• _Exercise aim_
Beginning at the top of the entries below, retype each line exactly until the line containing "Decor for Outside" has been written out; include no pictures and no later lines.

<<<<

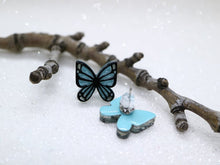 Vera Chan - Artist collaboration - Stained glass butterfly studs (Blue)
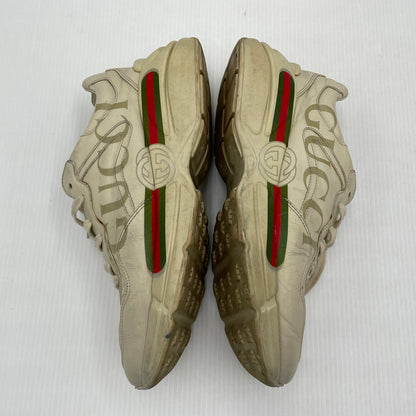 【現状渡し品】【メンズ】 GUCCI グッチ RHYTON LEATHER SNEAKER 500877 ライトン レザー スニーカー 靴 183-261007-sa-01-teih サイズ：27cm カラー：アイボリー 万代Net店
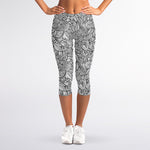 Monochrome Zentangle Pattern Print Women's Capri Leggings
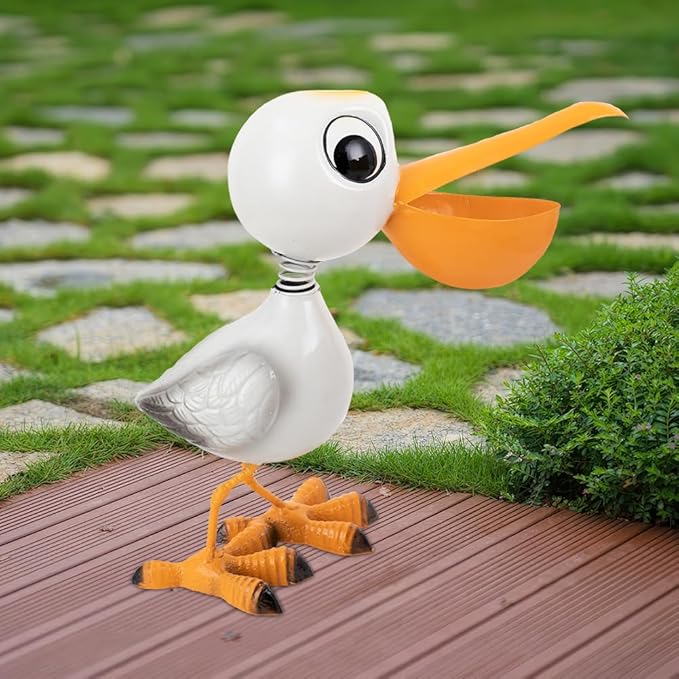 12.5" Pelican Statue Metal Yard Decorations Outdoor,Pelican Garden Statues Sculptures Seabird Ornament,Coastal Ocean Bird Yard Art Decor for Porch Patio Lawn,Metal Garden Decor for Outside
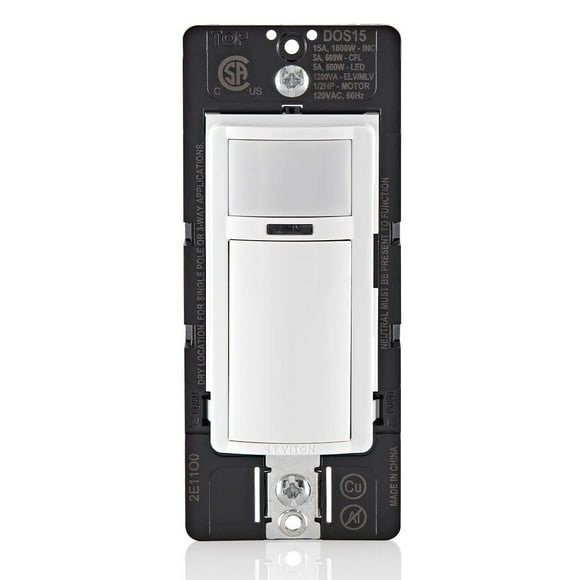 Leviton DOS15-1LZ Decora Occupancy Motion Sensor In-Wall Switch, Auto-On, 15A, Single Pole, Multi-Way or Multi-Sensor, White with Ivory, Light Almond Faceplates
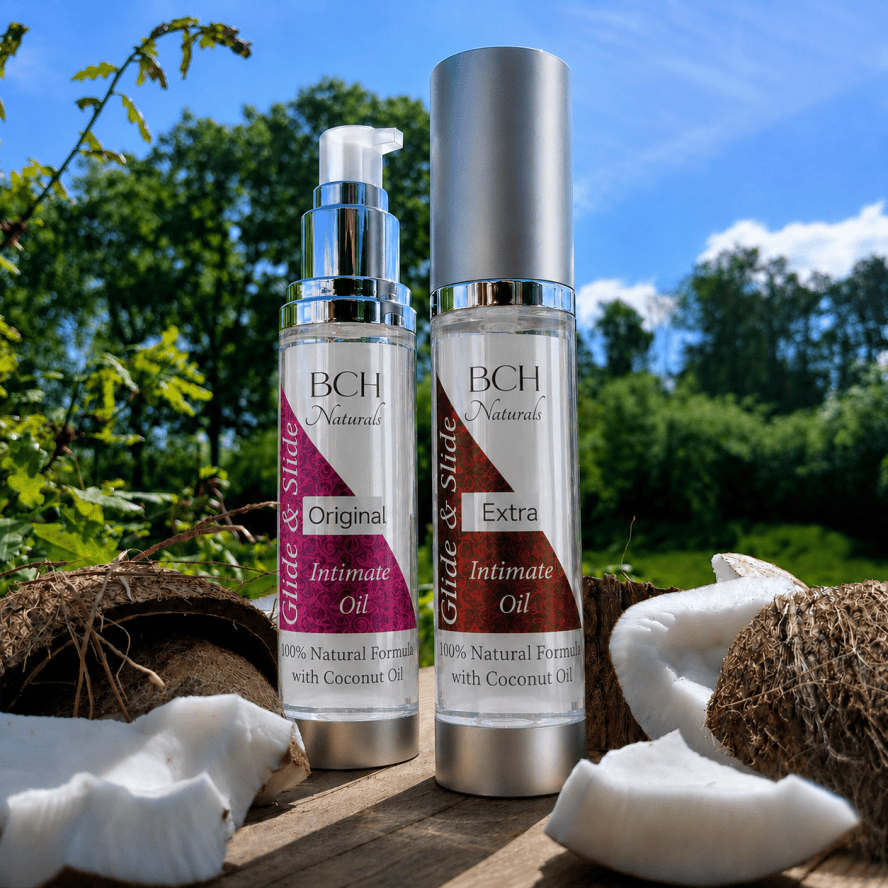 Glide & Slide with coconut halves in the garden with nature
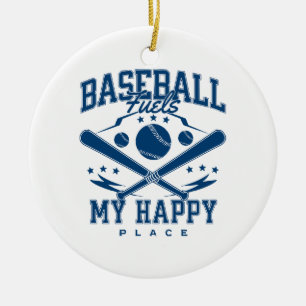 Adorno De Cerámica El béisbol alimenta mi lugar feliz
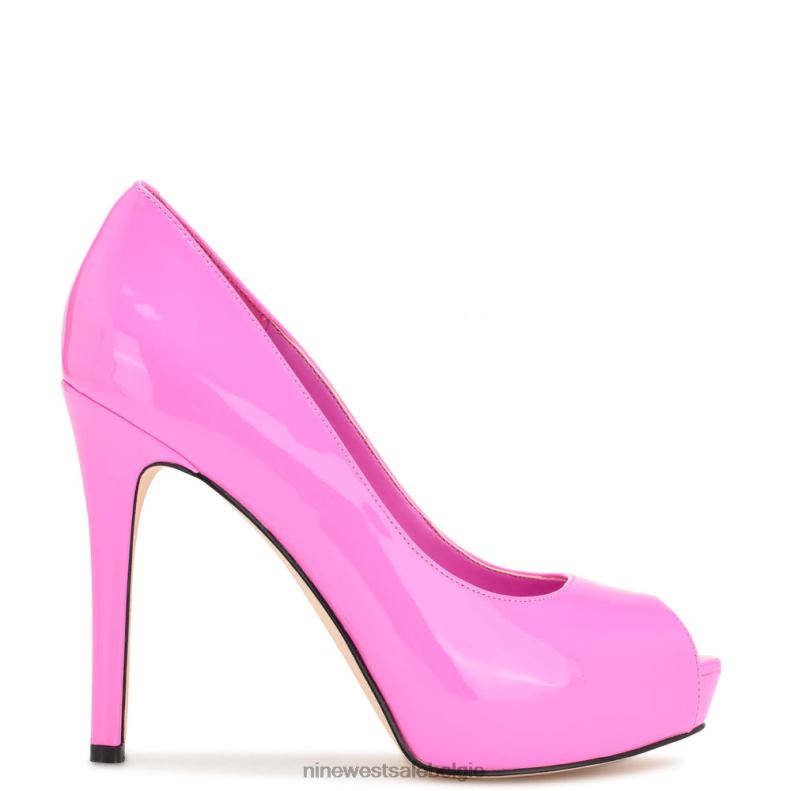 Nine West L48XT917 roze patent Hethr platform peep toe pumps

>>>>

• _Answer box_
 Vera Chan - Artist collaboration - Stained glass butterfly studs (Blue)
 【現状渡し品】【メンズ】 GUCCI グッチ RHYTON LEATHER SNEAKER 500877 ライトン レザー スニーカー 靴 183-261007-sa-01-teih サイズ：27cm カラー：アイボリー 万代Net店
 Monochrome Zentangle Pattern Print Women's Capri Leggings
 12.5" Pelican Statue Metal Yard Decorations Outdoor,Pelican Garden Statues Sculptures Seabird Ornament,Coastal Ocean Bird Yard Art Decor for Porch Patio Lawn,Metal Garden Decor for Outside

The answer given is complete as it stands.